Child Pornography: Pornography that features adults and that which features minors are treated differently under the law in just about every country in the world, but child pornography is illegal nearly worldwide.

Cybersecurity: This word means many different things in different contexts. Please avoid using it unless it appears in the name of a law/regulation or in a direct quote.

Cyberwar: This term is so heavily politicized and used almost exclusively by governments that it is a bit risky to use in our own writing, as it is very vulnerable to misinterpretation. Please avoid using it unless it appears in the name of a law/regulation or in a direct quote.

Hacker: The term hacker can be used in many ways – geeks who like to tinker with technology often refer to themselves as hackers, while MSM tends to describe the perpetrators of malicious technical attacks as such. If you use the word in a negative light, please say “malicious hacker”.

Internet and Web: We think of the Internet as a place, and hence a proper noun. Within the English-speaking digital rights community, the standard is to capitalize the I in Internet and the W in web. Please remember to do this.

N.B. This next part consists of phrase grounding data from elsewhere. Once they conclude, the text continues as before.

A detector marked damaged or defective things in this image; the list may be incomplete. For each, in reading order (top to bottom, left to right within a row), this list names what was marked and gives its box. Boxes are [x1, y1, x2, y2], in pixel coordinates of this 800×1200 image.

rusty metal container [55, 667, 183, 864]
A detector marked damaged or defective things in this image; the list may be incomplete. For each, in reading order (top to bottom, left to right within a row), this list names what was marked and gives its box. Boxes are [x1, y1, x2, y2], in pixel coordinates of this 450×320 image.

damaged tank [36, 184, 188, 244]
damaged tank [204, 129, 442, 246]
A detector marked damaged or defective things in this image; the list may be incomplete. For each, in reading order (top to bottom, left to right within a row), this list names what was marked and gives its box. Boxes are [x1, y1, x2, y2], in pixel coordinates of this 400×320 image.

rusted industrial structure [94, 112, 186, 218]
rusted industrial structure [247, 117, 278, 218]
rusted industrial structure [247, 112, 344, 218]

Internet freedom: The term “Internet freedom” has been used to mean so many different things that it is no longer useful. Coined by the US State Department, it also has negative connotations for some people, particularly in countries where the US has sought to impose an “Internet freedom” agenda that often contradicts US trade and other economically-rooted policies. A “free Internet” is sometimes used to mean the same thing, but can confuse some people who may read it as “free of charge.” Useful alternatives: open Internet, Internet openness, digital rights, human rights online.


Images on Advox

Finding strong images for Advox posts can be challenging, as there is often no physical manifestation of the things we write about. So you need to think expansively when searching for images. If you’re writing about a law, for example, think about all the different kinds of activities/websites/people the law could affect. All of these things could make potential subjects for images.

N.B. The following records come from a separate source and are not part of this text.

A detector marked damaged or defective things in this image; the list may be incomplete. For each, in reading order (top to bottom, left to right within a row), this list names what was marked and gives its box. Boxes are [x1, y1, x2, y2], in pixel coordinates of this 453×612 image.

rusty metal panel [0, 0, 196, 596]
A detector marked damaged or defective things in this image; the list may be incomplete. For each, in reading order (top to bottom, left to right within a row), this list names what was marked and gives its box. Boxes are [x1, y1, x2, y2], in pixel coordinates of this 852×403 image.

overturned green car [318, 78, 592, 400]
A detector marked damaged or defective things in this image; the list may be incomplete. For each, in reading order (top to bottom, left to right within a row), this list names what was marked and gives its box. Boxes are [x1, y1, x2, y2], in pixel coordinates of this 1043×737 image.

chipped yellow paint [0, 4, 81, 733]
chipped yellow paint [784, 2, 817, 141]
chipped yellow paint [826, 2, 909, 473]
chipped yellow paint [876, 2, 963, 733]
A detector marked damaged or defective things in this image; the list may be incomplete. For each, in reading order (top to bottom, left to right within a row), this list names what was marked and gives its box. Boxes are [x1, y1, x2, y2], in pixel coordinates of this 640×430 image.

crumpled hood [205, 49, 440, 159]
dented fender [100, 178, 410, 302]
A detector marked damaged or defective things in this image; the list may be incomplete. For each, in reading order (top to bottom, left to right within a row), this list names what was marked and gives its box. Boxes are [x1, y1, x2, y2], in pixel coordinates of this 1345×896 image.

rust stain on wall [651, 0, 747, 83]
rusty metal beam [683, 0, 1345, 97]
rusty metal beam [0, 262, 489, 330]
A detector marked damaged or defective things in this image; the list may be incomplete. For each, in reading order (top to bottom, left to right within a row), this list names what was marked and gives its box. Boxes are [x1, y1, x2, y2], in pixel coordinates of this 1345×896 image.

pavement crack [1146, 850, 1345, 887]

Basic pointers for Advox images:

Show people: If you can find an image of a person or people directly involved with the story that is clearly labeled for reuse and you can confirm that using the image will not put the person in danger, use it.

Use graphics: The Internet is full of memes, art, and webcomics. These can be great alternatives to regular photos. Here are some sites that have lots of Creative Commons-licensed art content that ties in with digital rights issues.

Show places: Most of our stories are place-specific. If you don't have images tied to the specific issue or event, look for pictures of Internet cafes, mobile phone shops, newsstands, or university computer labs, or other places that can be tied to the subject at hand. Even a picture of a city scene or landscape can work.

Use your imagination! Much of the news in our section can leave one feeling blue – but our images don't have to. Here are some Advox posts with creative feature images:

Campaign images: If a post addresses a specific campaign (for the release of a blogger or the passage of law, for example) you will often find an image associated with the campaign. Creators of these images sometimes neglect to label their images for reuse, but if our post supports the campaign, it is usually all right to include the image.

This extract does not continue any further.